# Predicting Molecular Properties using Machine Learning Models on the QM9 Dataset

## Research Question:
- Can we accurately predict quantum chemical properties of molecules using classical machine learning models like Random Forest and XGBoost, and improve perfomance through feature transfer from neural network-based embeddings?

## Project Objectives:
### Develop Predictive Models:
- Use Random Forest and XGBoost algorithms to predict molecular properties from the QM9 dataset.
### Target Key Properties:
Focus on predicting critical quantum molecular properties, including:
- HOMO-LUMO gap
- Dipole moment
- Atomization energy
### Leverage QM9 Dataset:
- Utilize the standardized and widely accepted QM9 dataset for training and evaluation.
### Incorporate Feature Transfer:
- Enhance tabular input with abstract representations inspired by neural networks such as SchNet or PhysNet.
### Bridge ML Paradigms:
- Integrate traditional machine learning with representation learning to improve model performance.
### Evaluate Model Performance:
- Benchmark models using appropriate metrics (e.g., MAE, RMSE) to assess prediction accuracy and generalization.

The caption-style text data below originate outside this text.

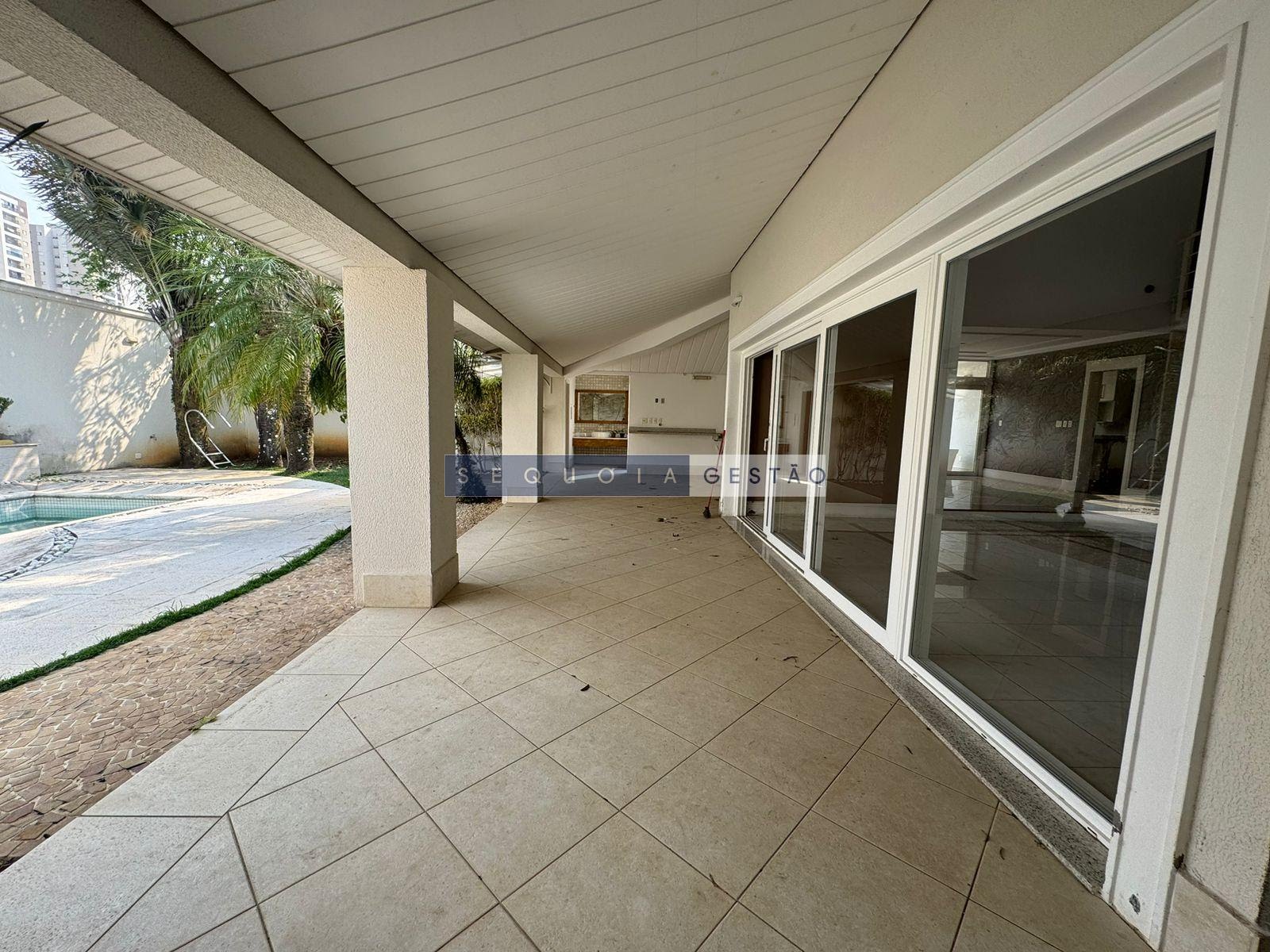 Casa à venda com 4 quartos, 4 suítes, 3 vagas e 422m² no Vila Jaboticabeira, Taubaté (SP) — foto 12 de 30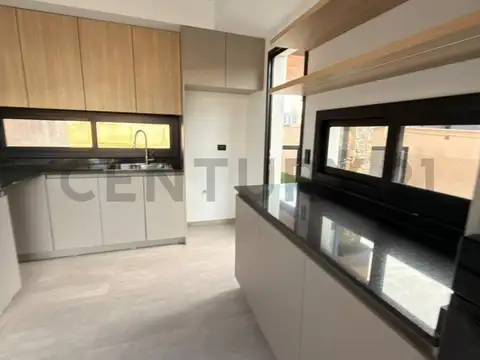 CASA PETRA EN VENTA - BARRIO ESTANCIA BULNES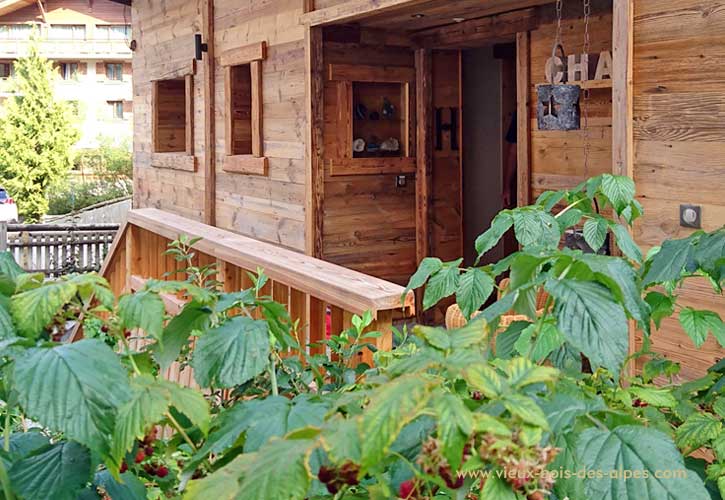 Bardage extérieur vieux bois brun rainure languette Bardage extérieur vieux bois brun rainure languette réalisation vieux bois des Alpes La Clusaz Haute Savoie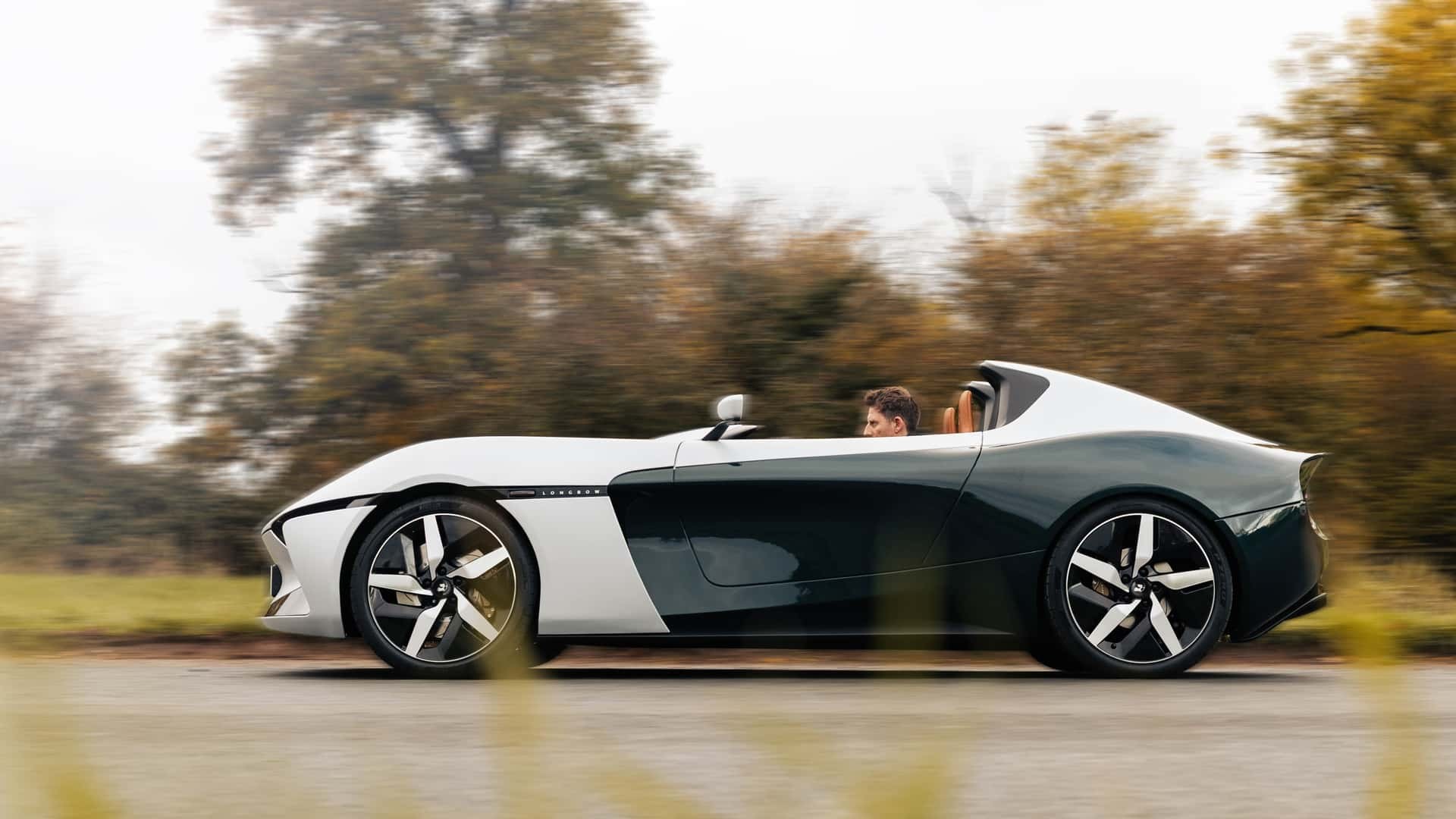 Longbow Speedster - mẫu xe thể thao điện nặng chưa đến 900 kg, chế tạo bởi cựu nhân viên Tesla Longbow Speedster hứa hẹn mang đến trải nghiệm lái xe thể thao điện phi thường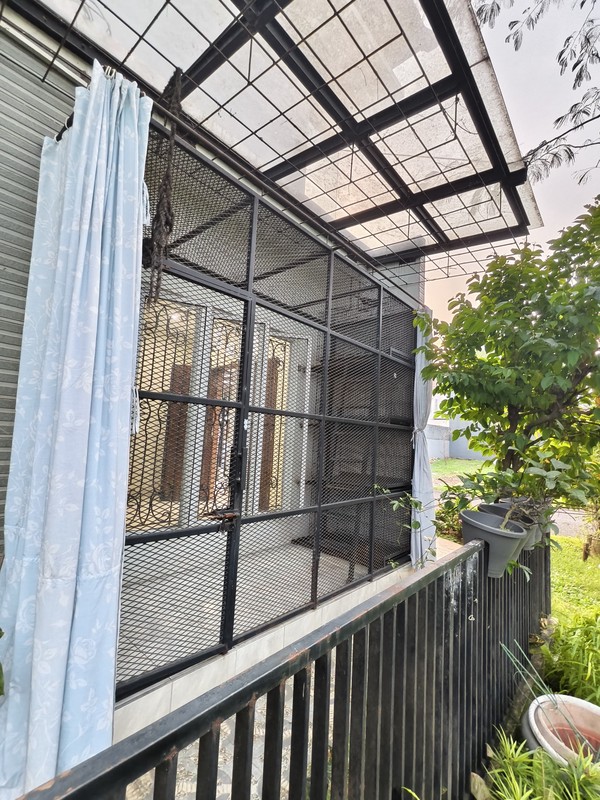 Rumah Hoek Badan di ICON COSMO BSD City, ready untuk cat lovers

## Motivation and Significance:
### 1. Reduce Computational Costs:
- Density Functional Theory (DFT) calculations are resource-intensive—machine learning offers a faster alternative.
### 2. Accelerate Material Discovery:
- Predictive ML models can streamline the search for new molecules and materials.
### 3. Enable Scalable Simulations:
- Efficient algorithms allow large-scale quantum simulations previously limited by DFT.
### 4. Enhance Interpretability:
- Combining traditional ML with modern representations supports transparent, explainable models.
### 5. Cross-Disciplinary Impact:
- Potential applications in drug discovery, catalyst development, and electronic materials design.

## Dataset:
We will use the QM9 dataset available through TensorFlow Datasets.
- Dataset link: https://www.tensorflow.org/datasets/catalog/qm9
- The dataset includes over 130,000 small organic molecules with the following features:
- Atom types and 3D coordinates
- Quantum chemical properties (e.g., energy levels, dipole moments)
- Molecular descriptors and calculated DFT outputs
### Examples of Features:
- homo, lumo, gap – frontier orbital energies
- mu – dipole moment
- alpha – polarizability
- U0, H, G – internal energy, enthalpy, and Gibbs free energy
- SMILES and InChI – chemical string representations


In [1]:
!pip install tensorflow tensorflow-datasets

import tensorflow_datasets as tfds
import tensorflow as tf

# Loading the Dataset 
ds, ds_info = tfds.load('qm9',with_info = True, split = "train")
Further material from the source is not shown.